What is meant by Henry VIII powers?

Henry VIII powers are powers granted by an Act of Parliament to government ministers, specifically allowing them to alter primary legislation. This distinction is important; in effect, primary legislation is law passed as an Act of Parliament. Secondary or subordinate legislation is law passed through the use of other powers, either granted to government ministers by Parliament, or the Queen's prerogative powers.

Most legislative powers granted to government ministers specifically limit them to the use of Statutory Instruments (Orders in Council, Regulations, Rules and so on). For example, the government created The Official Controls Regulations 2019, which is a Statutory Instrument, and a piece of secondary legislation, through the use of powers granted to them in the European Communities Act 1972, Section 2(2):

(2) Subject to Schedule 2 to this Act, at any time after its passing Her Majesty may by Order in Council, and any designated Minister or department may by order, rules, regulations or scheme, make provision—

    (a) for the purpose of implementing any EU obligation of the United Kingdom, or enabling any such obligation to be implemented, or of enabling any rights enjoyed or to be enjoyed by the United Kingdom under or by virtue of the Treaties to be exercised; or

    (b) for the purpose of dealing with matters arising out of or related to any such obligation or rights or the coming into force, or the operation from time to time, of subsection (1) above;

and in the exercise of any statutory power or duty, including any power to give directions or to legislate by means of orders, rules, regulations or other subordinate instrument, the person entrusted with the power or duty may have regard to the [F4objects of the EU] and to any such obligation or rights as aforesaid.

Further use of those Powers could allow them to amend those regulations, repeal them altogether or create entirely different ones. What prevents these powers from being Henry VIII powers is that they do not allow the government to amend or create primary legislation. They could not, for example, use those powers to alter the European Communities Act itself or any other Act. In contrast, the Nationality, Immigration and Asylum Act 2002, Section 157 (1) and (2) grants to the government the following powers:

157 Consequential and incidental provision

(1) The Secretary of State may by order make consequential or incidental provision in connection with a provision of this Act.

(2) An order under this section may, in particular—

    (a) amend an enactment;

    (b) modify the effect of an enactment.

(3) An order under this section must be made by statutory instrument.

(4) An order under this section which amends an enactment shall not be made unless a draft has been laid before and approved by resolution of each House of Parliament.

(5) Any other order under this section shall be subject to annulment pursuant to a resolution of either House of Parliament

The key word there is enactment; this is a power to amend an Act of Parliament. Furthermore, it's not even a power to amend a specific Act of Parliament; the government can use this power to amend any Act of Parliament, including the Act that grants this power itself (in other words, they can theoretically use this power to grant themselves MORE powers).

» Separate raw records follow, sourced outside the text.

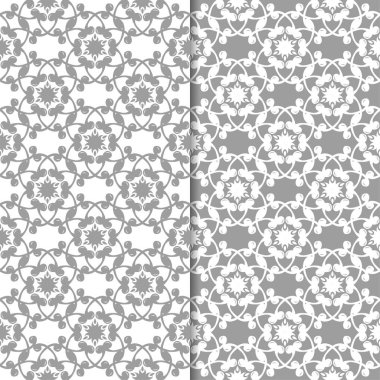 Beyaz ve gri çiçek arka planlar. Tekstil ve duvar kağıtları için dikişsiz desen seti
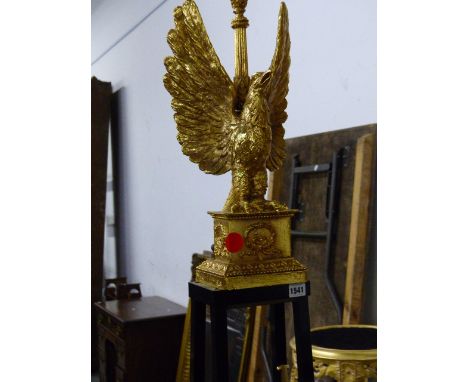 A CLASSICAL TASTE GILT AND EBONISED STANDARD LAMP, THE SPREAD EAGLE TOP ON FOUR FLARING SQUARE SECTIONED LEGS ENDING IN PAW F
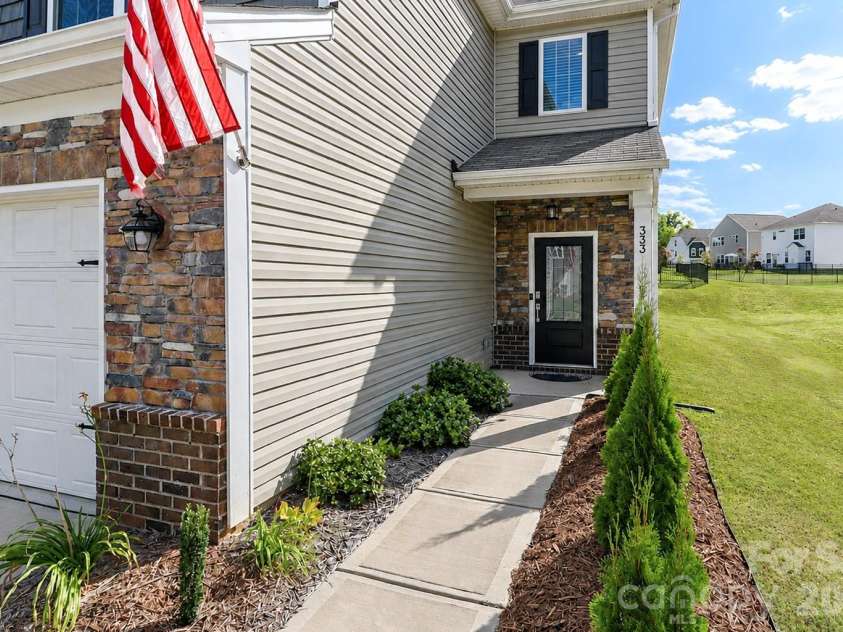 333 Kennerly Center Drive, Mooresville, NC 28115.  MLS# CAR4413957, YatesRealty ID 45290. Front Door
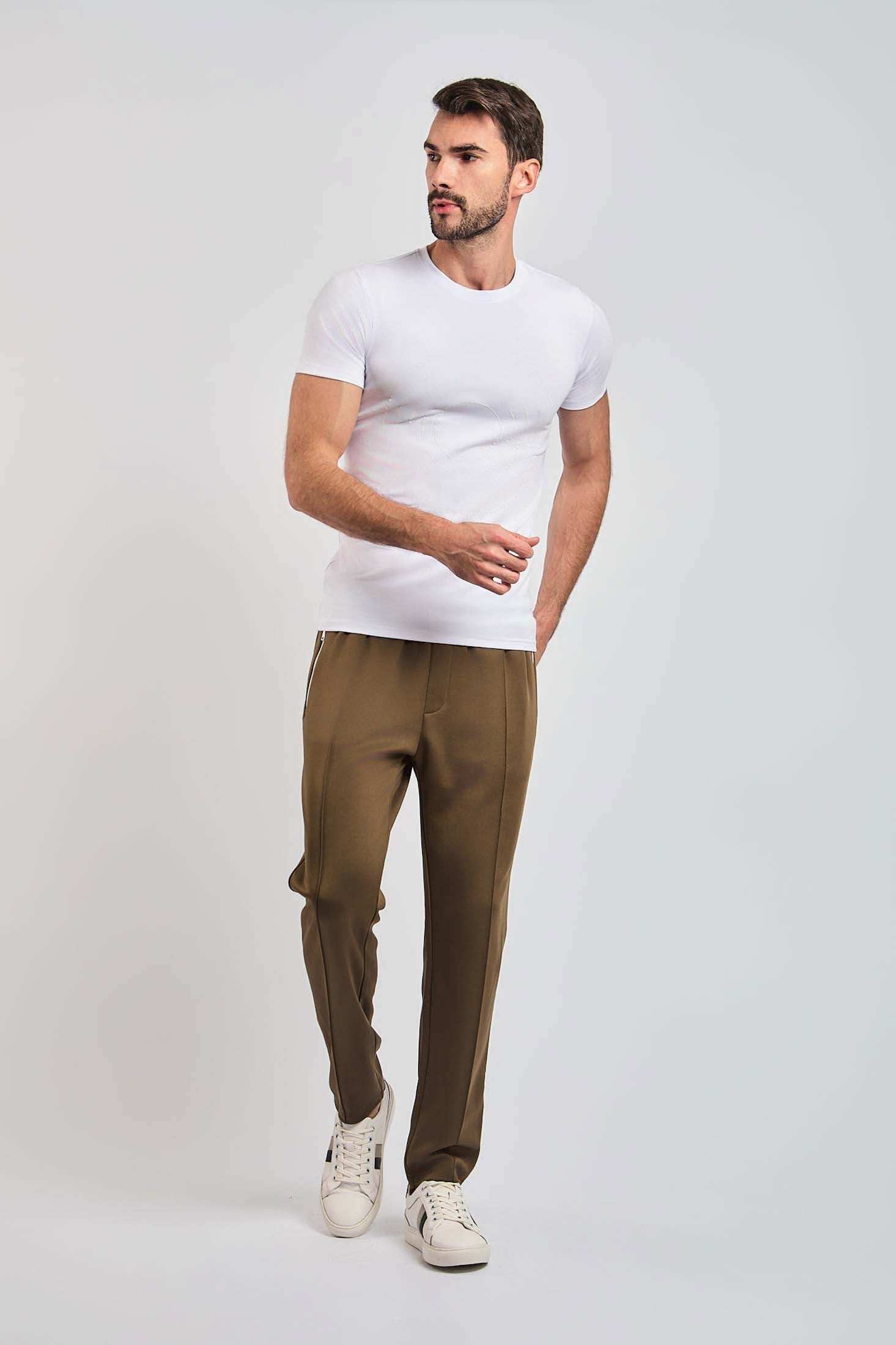 Man in white short sleeve t-shirt, brown casual pants, and white sneakers on plain background
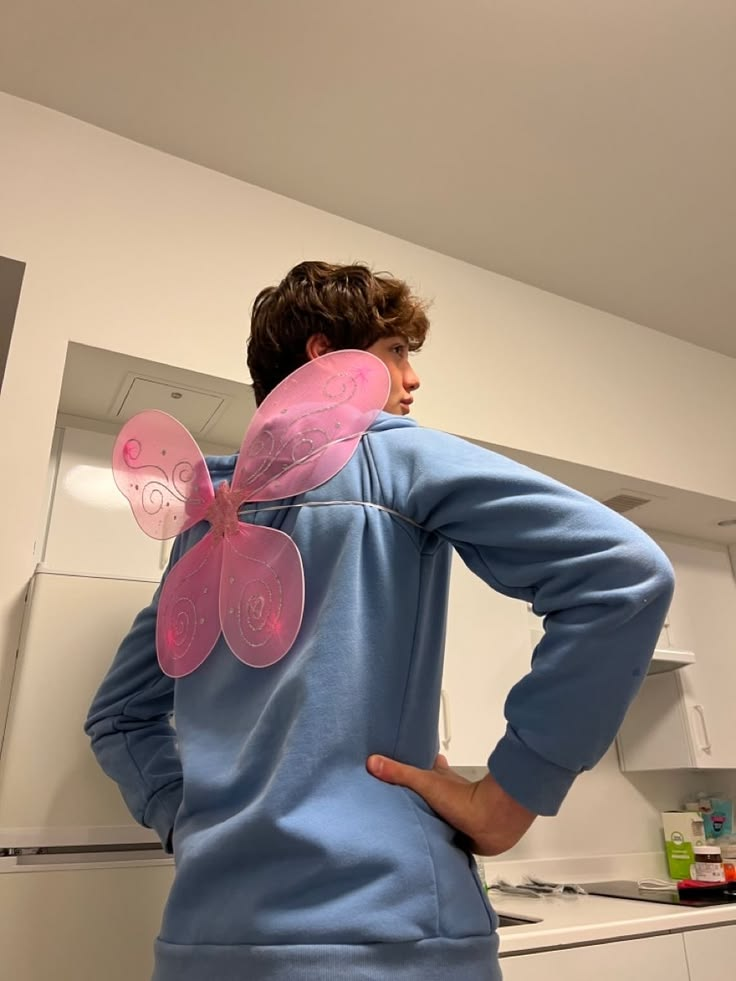 A playful costume moment with pink fairy wings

That's a Henry VIII power.

How did they come about?

Funnily enough, they've existed at least since Henry VIII. The Proclamation of the Crown Act 1539 grants proclamations by Henry VIII the force of Acts of Parliament. This association with Henry VIII semi-taints them with an aura of illegitimacy; at least initially they came about because the monarch wanted to grant his policies the force of law without having to deal with the Commons. These days however the usual justification is essentially administrative necessity (I.E. there's too much to bother Parliament with and so the government should just be able to deal with it)

Are they inherently anti-democratic, and if so, is it feasible to abolish them, or do they have a place in the legislative process?

This is somewhat opinion based. As you can see in Nationality, Immigration and Asylum Act there often are controls on the use of the powers; Orders made under the powers granted by this Act must be laid before Parliament, who may then decide to reject them. This is a form of positive oversight; the enabling Act specifies that Parliament must approve the orders made under that power. Other Acts granting Henry VIII powers only mandate negative oversight; I.E. Orders made using the powers must be laid before Parliament, but will come into effect so long as there is no resolution rejecting them (even if there is also no resolution specifically approving them).

There is however no requirement for the enabling Act to include such a provision, so there is at least the possibility of absolutely no scrutiny whatever. I would consider that completely undemocratic; but I couldnt find an instance of such an Act, so I suppose the point is moot. As to whether they have a place, I think the answer is probably yes; there IS an argument that government should sometimes be able to amend or repeal legislation. The scenario that jumps to mind is when implied repeal causes complications of some kind, either because it was somehow incomplete (I.E. the new Act did not wholly conflict with the old) or was unintentional or something similar - in that case I can see the advantage in allowing Government to simply fix the problem, provided there was Parliamentary oversight.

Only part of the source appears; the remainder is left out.